La prévention et la sécurité concernent aussi d’autres acteurs à l’intérieur de l’entreprise : en premier lieu, la direction générale qui doit soutenir la démarche, puis les managers, la direction des ressources humaines, les représentants du personnel, et le comité social et économique.
À l’extérieur, l’entreprise doit se rapprocher de partenaires classiques et institutionnels :
- La médecine du travail : mais qui souffre d’un manque de praticiens, obligeant les entreprises à avoir une plus grande part dans la prévention et le suivi, comme le montre la nouvelle loi Santé de 2022. Celle-ci augmente son rôle, principalement sur :
– les axes de prévention,
– les actions sur la désinsertion professionnelle,
– ou encore le suivi individuel des salariés - Les services prévention des caisses d’assurance retraite et de la santé au travail
- Le réseau régional de l’Agence nationale pour l’amélioration des conditions de travail (ANACT)
- L’Institut national de recherche et de sécurité pour la sécurité des accidents du travail et des maladies professionnelles (INRS).

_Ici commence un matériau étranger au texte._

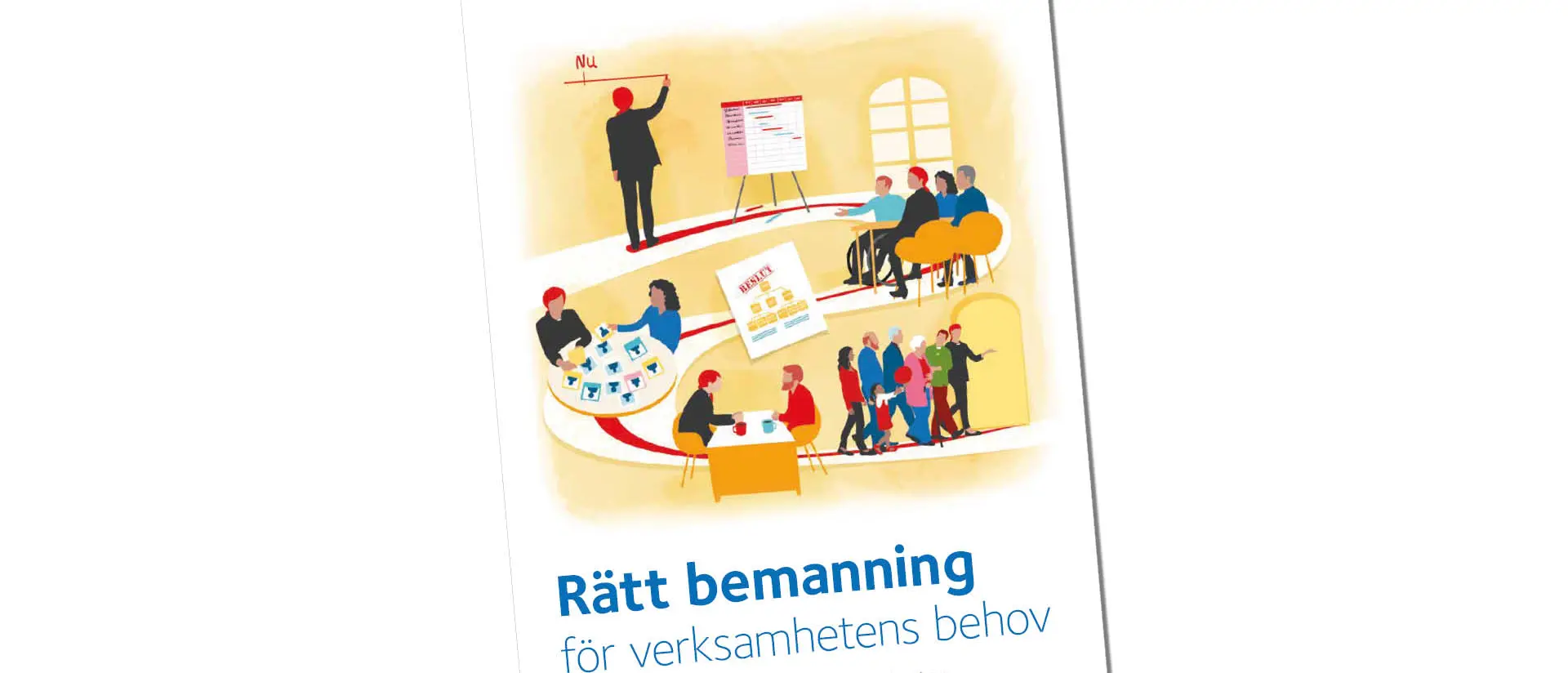 Häfte Rätt bemanning för verksamhetens behov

La santé au quotidien comme nouvel axe de collaboration
La santé au travail est aujourd’hui un sujet transversal pour de nombreux services et concerne l’ensemble du cycle de vie des salariés. De plus, face aux évolutions profondes sur le plan sociétal et démographique, l’entreprise doit s’engager.
Citons par exemple :
- Le nécessaire maintien dans l’emploi des salariés le plus longtemps possible, alors qu’il est aujourd’hui à seulement 56,1 % pour les seniors selon la DARES
- La place de plus en plus importante accordée aux aidants qui sont par ailleurs en activité
- Une quête de sens qui pousse les nouvelles générations à quitter une entreprise qui ne prendrait pas soin de leur santé
Pour répondre à ces enjeux, les entreprises doivent permettre à leurs collaborateurs de rester en bonne santé, de s’épanouir dans leur fonction et ainsi d’éviter la désinsertion. Tout cela nécessite un effort commun et une cohésion vers des objectifs clairs.

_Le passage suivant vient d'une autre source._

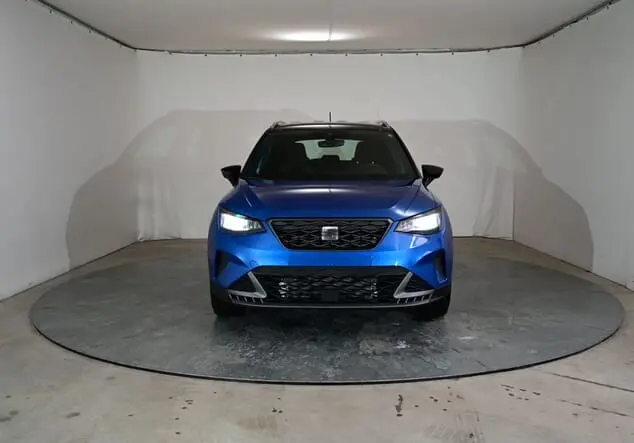 Angebotsdetails Seat Arona Seat Arona FR 1.5 TSI 110 kW (150 PS) 7-Gang-DSG Saphire Blau Metallic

Dans les grandes entreprises, des groupes de travail se mettent en place en ce sens. Cela se traduit notamment par des panels qui regroupent les fonctions RH, la médecine du travail, la Commission santé, sécurité et conditions de travail (CSSCT, au sein du CSE). Lesquels doivent :
- Analyser les données
- Identifier des thématiques porteuses et qui ne dépassent pas la frontière de la vie privée
- Trouver un consensus afin d’élaborer un programme de prévention
Cependant, cette collaboration n’est pas toujours naturelle tant elle demande de faire parler des univers et des points de vue différents. Quand le dialogue social est difficile, il vaut mieux attendre d’avoir aplani les choses avant d’entamer cette nouvelle étape, et ainsi s’assurer de construire un projet cohérent. Sa réussite réside aussi dans l’adhésion des collaborateurs afin qu’ils en deviennent acteurs.
Face à tous les autres sujets qui concernent aujourd’hui l’entreprise, le dialogue demeure indispensable sur la santé. De même, l’accompagnement par des solutions externes est parfois nécessaire pour emporter tout le monde dans un même projet de prévention santé, qui soit solide et pérenne.